> _INPUT DATA_
◇ ◇ ◇

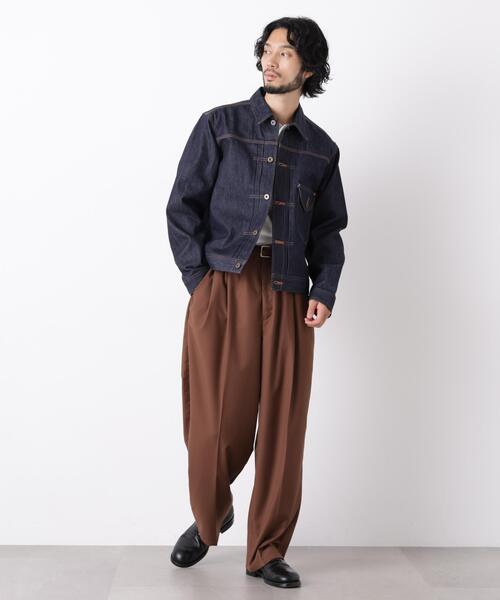 Lee(リー)の「Lee/別注 COW BOY JACKET(セットアップ可)(デニムジャケット・メンズ・ブラック/インディゴブルー・L/S/M)」の12枚目の写真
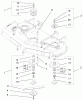 Mähdecks 74206 - Toro 52" Side Discharge Mower (SN: 990001 - 999999) (1999) Ersatzteile SPINDLES, BLADES AND DEFLECTOR ASSEMBLY
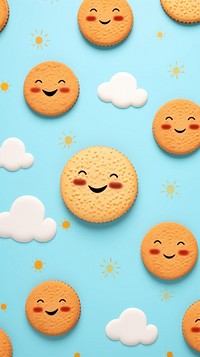  Cute Summer cookie gingerbread backgrounds. AI generated Image by rawpixel.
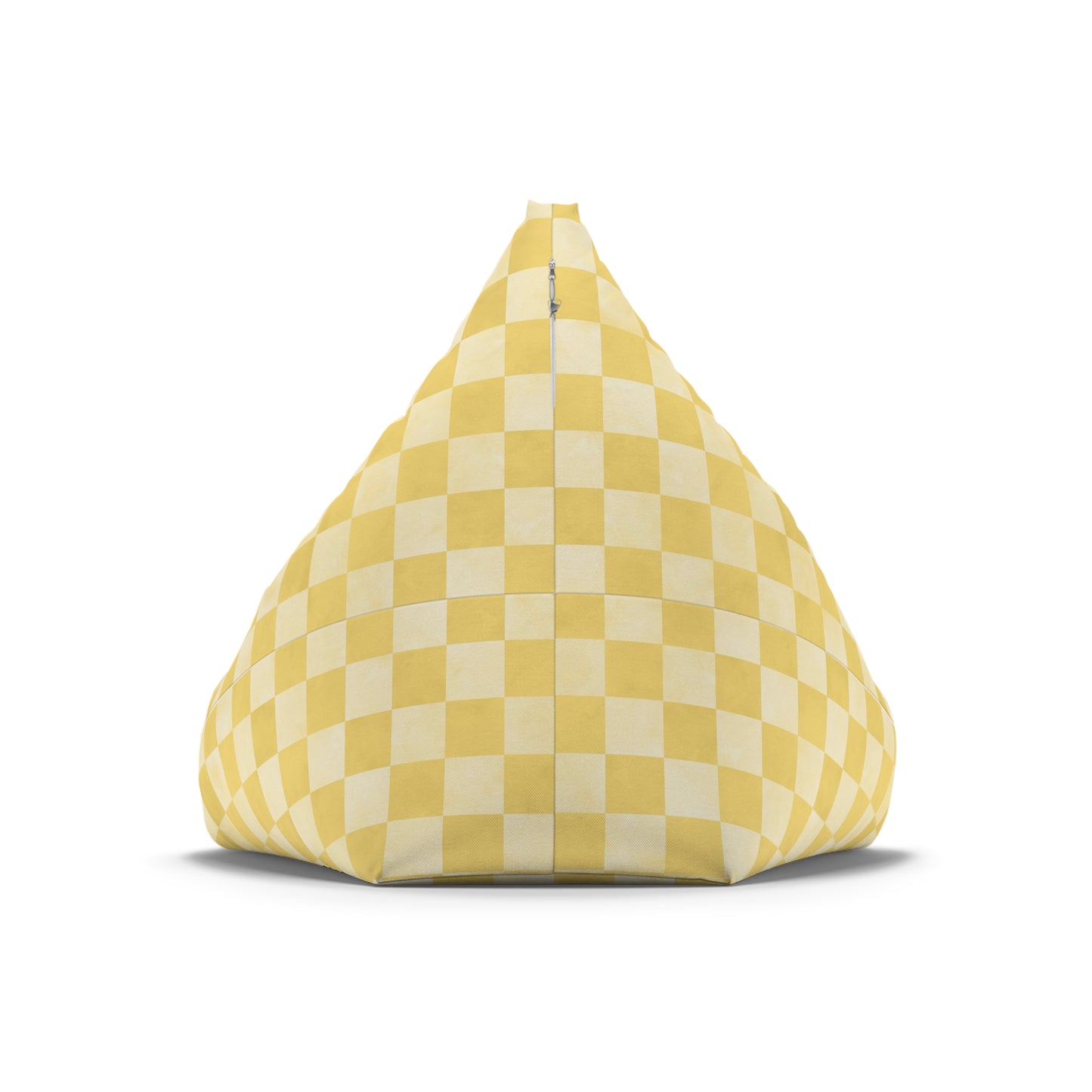 Pastel Checkers Bean Bag Chair Cover - Soft-Touch Polyester Slipcover with Secure Zip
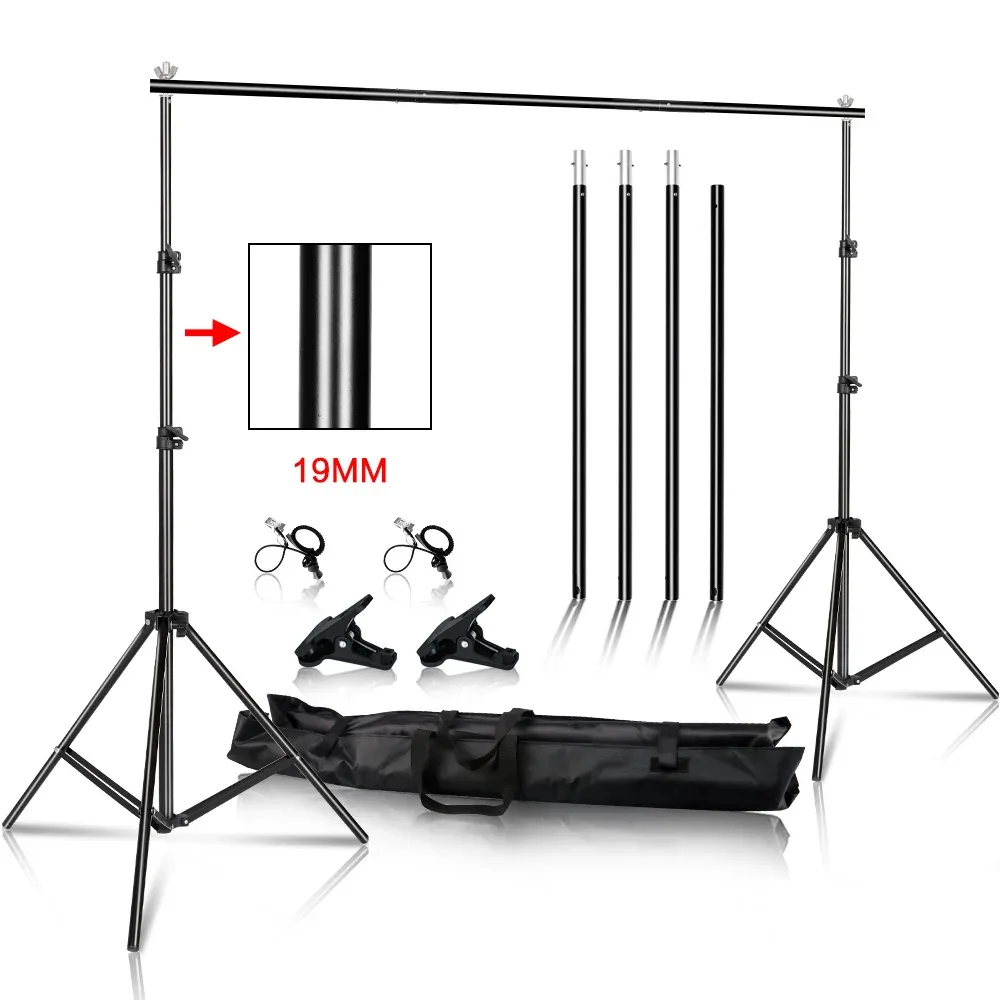 Support de fond photo en aluminium avec sac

◇ ◇ ◇

> _TASK DESCRIPTION_
The records above should be output exactly, but without any of their pictures.

> _SOLUTION FOR THIS EXERCISE_
 Lee(リー)の「Lee/別注 COW BOY JACKET(セットアップ可)(デニムジャケット・メンズ・ブラック/インディゴブルー・L/S/M)」の12枚目の写真
 Mähdecks 74206 - Toro 52" Side Discharge Mower (SN: 990001 - 999999) (1999) Ersatzteile SPINDLES, BLADES AND DEFLECTOR ASSEMBLY
  Cute Summer cookie gingerbread backgrounds. AI generated Image by rawpixel.
 Pastel Checkers Bean Bag Chair Cover - Soft-Touch Polyester Slipcover with Secure Zip
 Support de fond photo en aluminium avec sac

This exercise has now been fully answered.